◆ **AIM OF THE EXERCISE**
Nothing but the pictures should be left out when you copy the records exactly.

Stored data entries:
····················

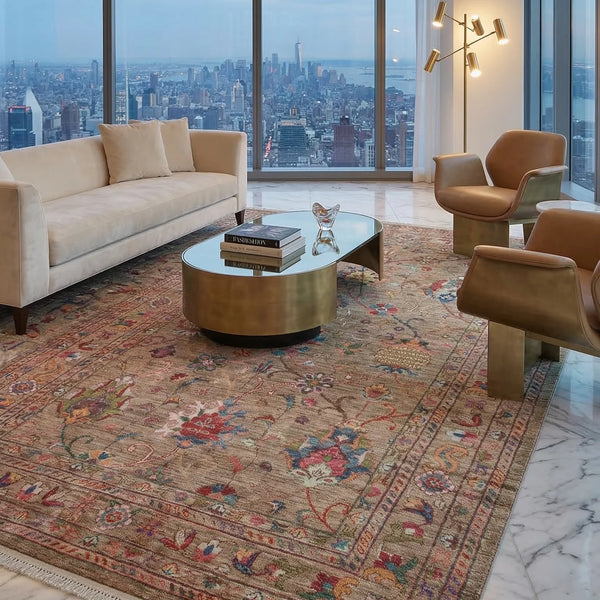 Elegant Beige Washable Rug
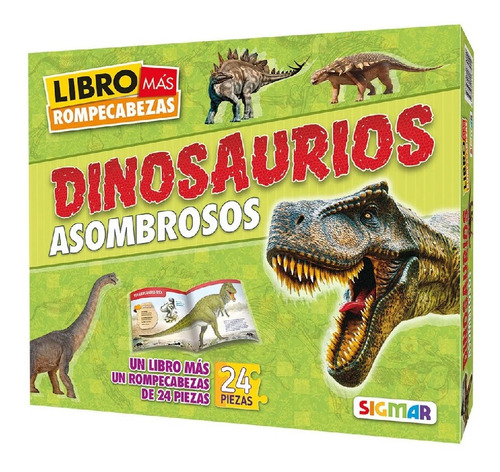 Libro Mas Rompecabezas Dinosaurio Asombroso Infantil Sigmar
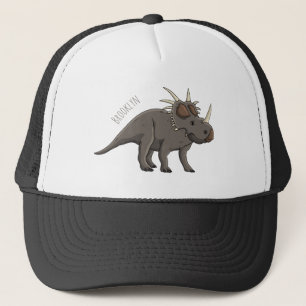 Styracosaurus cartoon illustration trucker hat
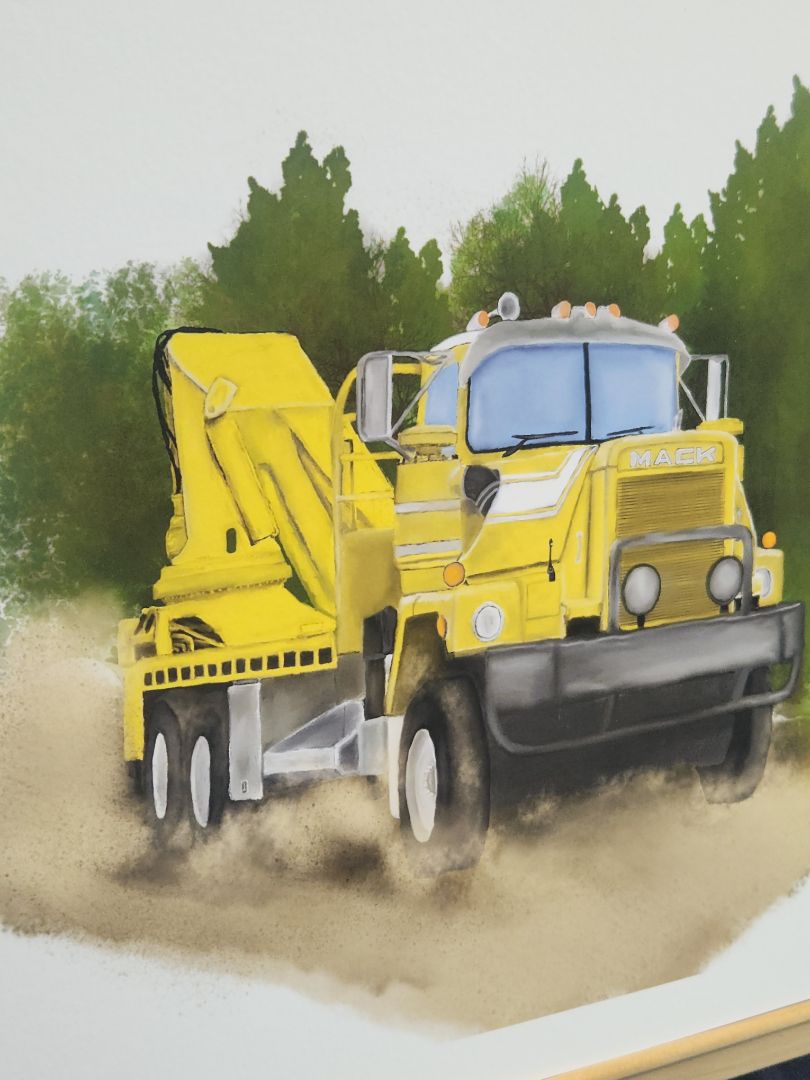 Mack Semi Crane Truck Oil Painting Style Giclee Fine Art Print 8"x10"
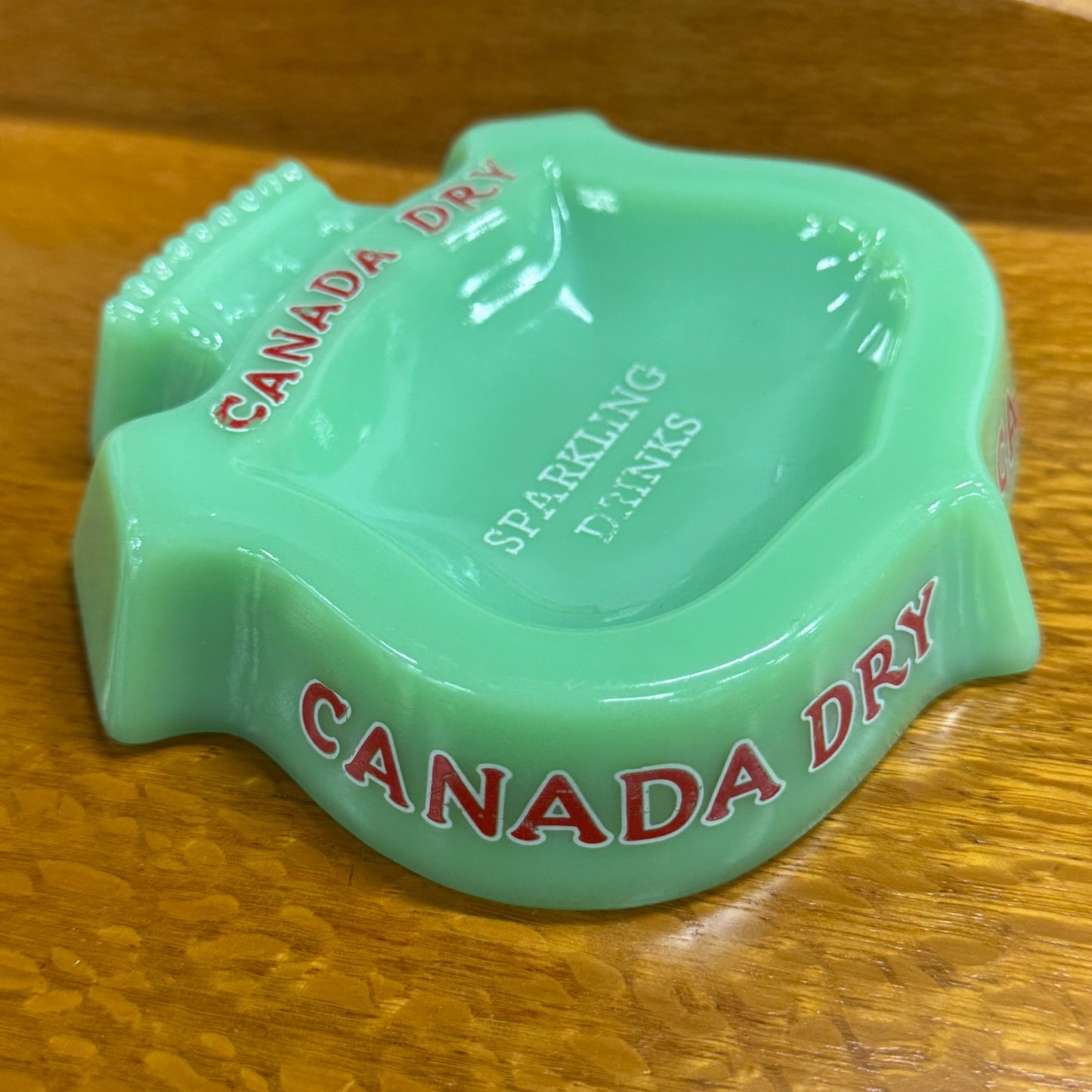 1960s CANADA DRY 'Sparkling Drinks' - Advertising Ashtray - Green Milk Glass -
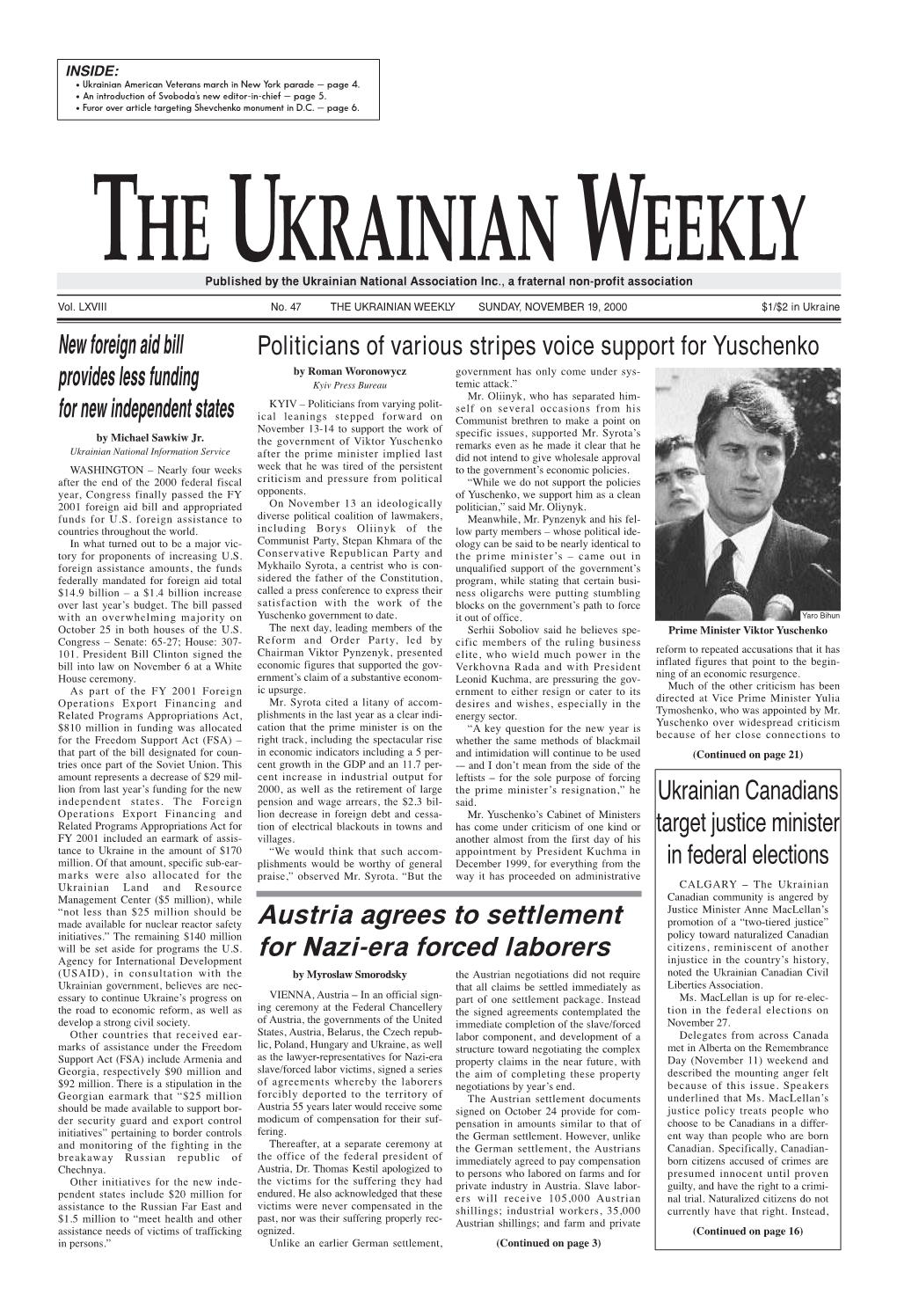 The Ukrainian Weekly 2000, No.47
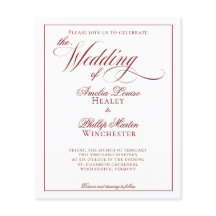 BUDGET Elegant Garnet Red en White Wedding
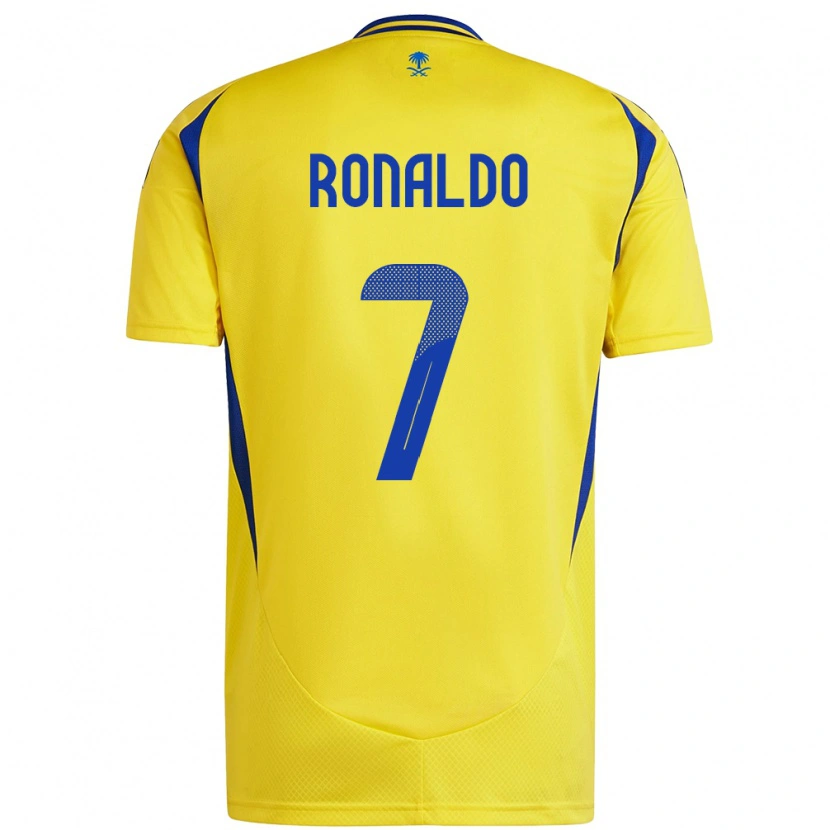 Danxen Barn Cristiano Ronaldo #7 Gul Blå Hemmatröja Matchtröjor 2024/25 Tröjor T-Tröja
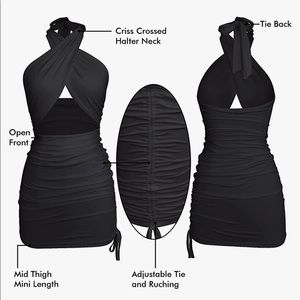 Halter criss cross tie up dress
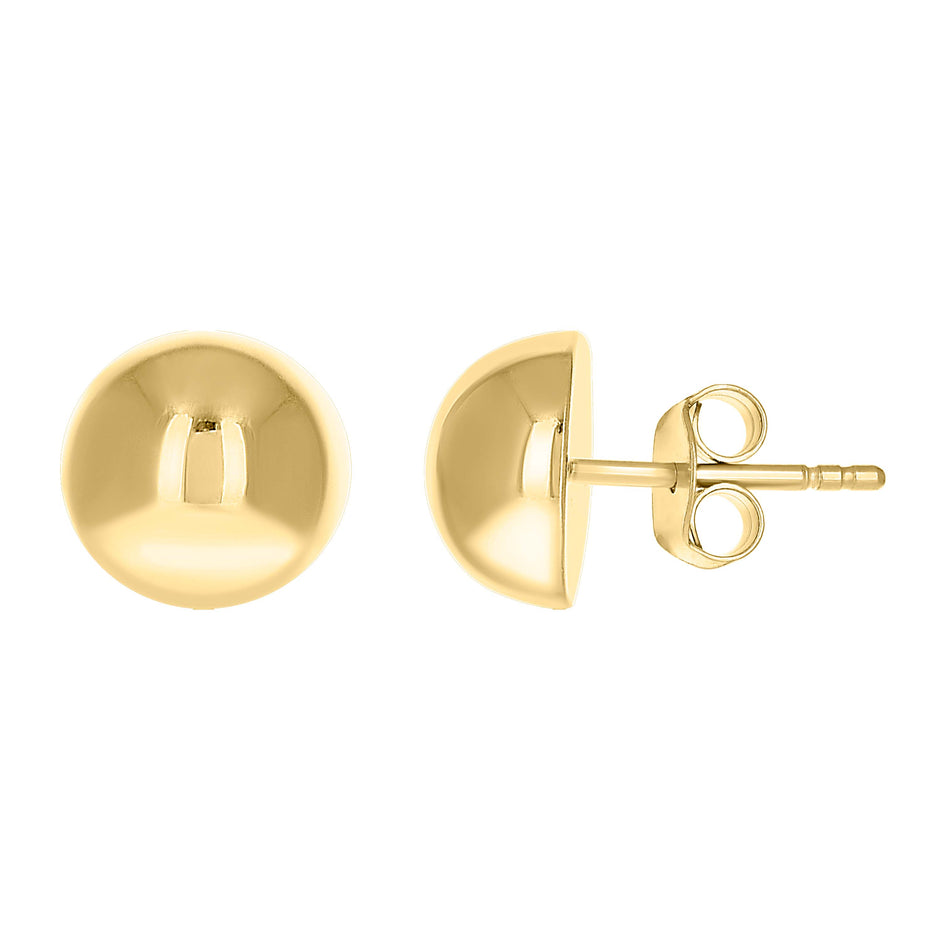 10kt Yellow Gold Womens Half Ball Stud Earrings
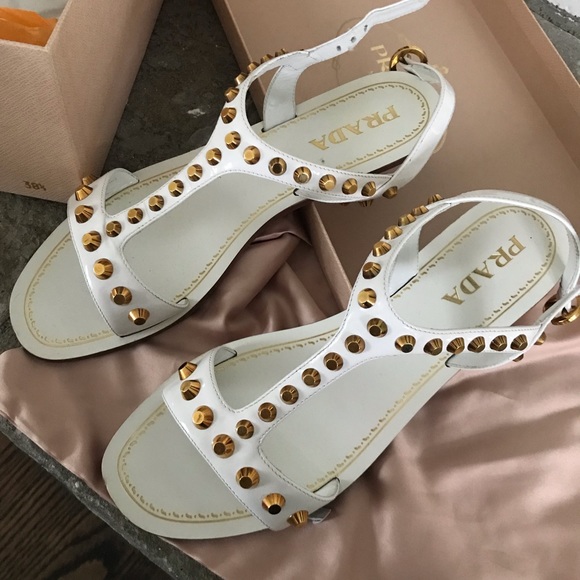 Prada studded gladiator Sandals white size 38.5 - Picture 5 of 7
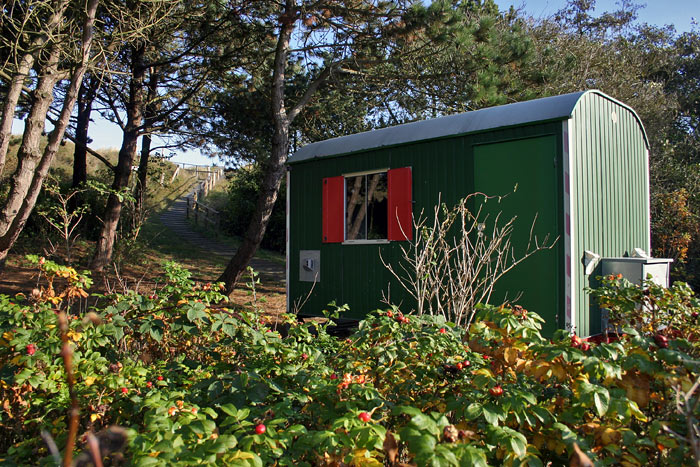 Bauwagen des Wasser- und Schiffahrtsamtes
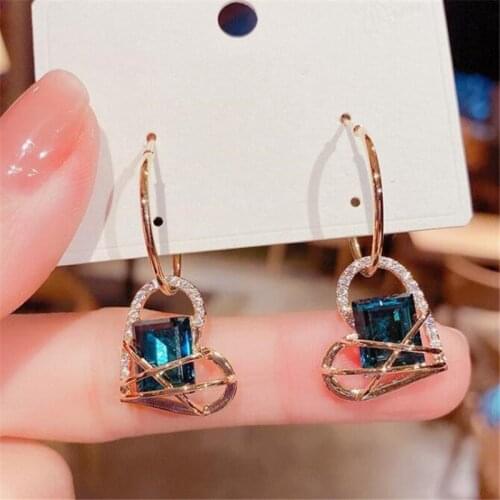 Summer Blue Crystal Heart-Shaped Earrings Wedding Womens Charming Clip Gold Earrings Korean Style Temperament Female Jewelry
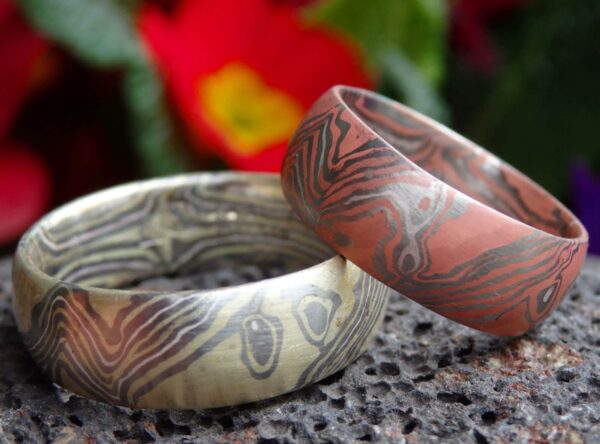Trauringe Mokume Gane Rotgold Grüngold 585 Palladium 500 Silber 925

····················

◆ **EXERCISE SOLUTION**
 Elegant Beige Washable Rug
 Libro Mas Rompecabezas Dinosaurio Asombroso Infantil Sigmar
 Styracosaurus cartoon illustration trucker hat
 Mack Semi Crane Truck Oil Painting Style Giclee Fine Art Print 8"x10"
 1960s CANADA DRY 'Sparkling Drinks' - Advertising Ashtray - Green Milk Glass -
 The Ukrainian Weekly 2000, No.47
 BUDGET Elegant Garnet Red en White Wedding
 Danxen Barn Cristiano Ronaldo #7 Gul Blå Hemmatröja Matchtröjor 2024/25 Tröjor T-Tröja
 Halter criss cross tie up dress
 10kt Yellow Gold Womens Half Ball Stud Earrings
 Prada studded gladiator Sandals white size 38.5 - Picture 5 of 7
 Bauwagen des Wasser- und Schiffahrtsamtes
 Summer Blue Crystal Heart-Shaped Earrings Wedding Womens Charming Clip Gold Earrings Korean Style Temperament Female Jewelry
Trauringe Mokume Gane Rotgold Grüngold 585 Palladium 500 Silber 925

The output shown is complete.